As you all remember since you’ve been following this deluge of daily diatribes, Monsieur Badass (a partially crippled Western fence lizard) hangs out under the Volvo when it’s parked in the driveway. Aside from the protection from birds and other predators, I also suspect that he hides there because there are ants to eat.

It’s also been hotter than Hell here in Southern California, and one side effect is a sharp increase in the number of black widow spider webs around the yard. Including one that keeps rebuilding under the Volvo, very near where Monsieur Badass hangs out. Now, I’m really not a fan of arachnids of any kind, but I’m really, REALLY opposed to the venomous arachnids. My first immediate reaction is to shriek and run away, but my second, more thoughtful, more mature and considered reaction is to rain nuclear fire on them (preferably from orbit). Or at the very least, soak the area in insecticide.
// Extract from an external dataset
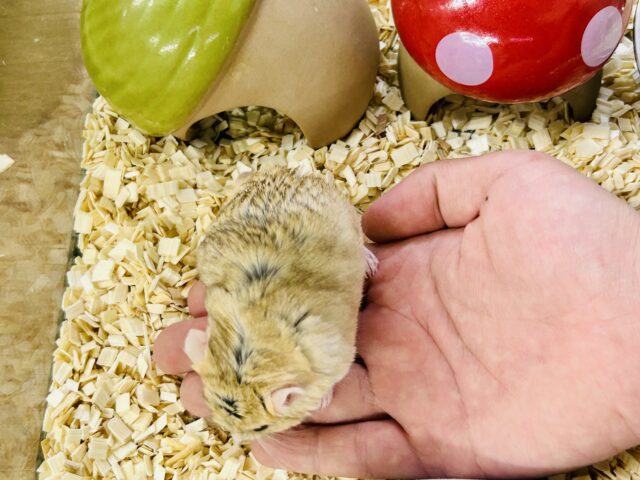 マカロニマウス（ファットテールジャービル、オブトアレチネズミ）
But doing that stands a good chance of also poisoning Monsieur Badass, which would be very bad.

Then on a hunch I checked out what Western fence lizards eat in the wild. There are ants, crickets, other small bugs and spiders…including black widow spiders.

As a result, I’m not going to scream, nor nuke, nor soak the web and car in poison. I’ll leave the widder spidder’s web there for now, on the off chance that it’s another food source for Monsieur Badass.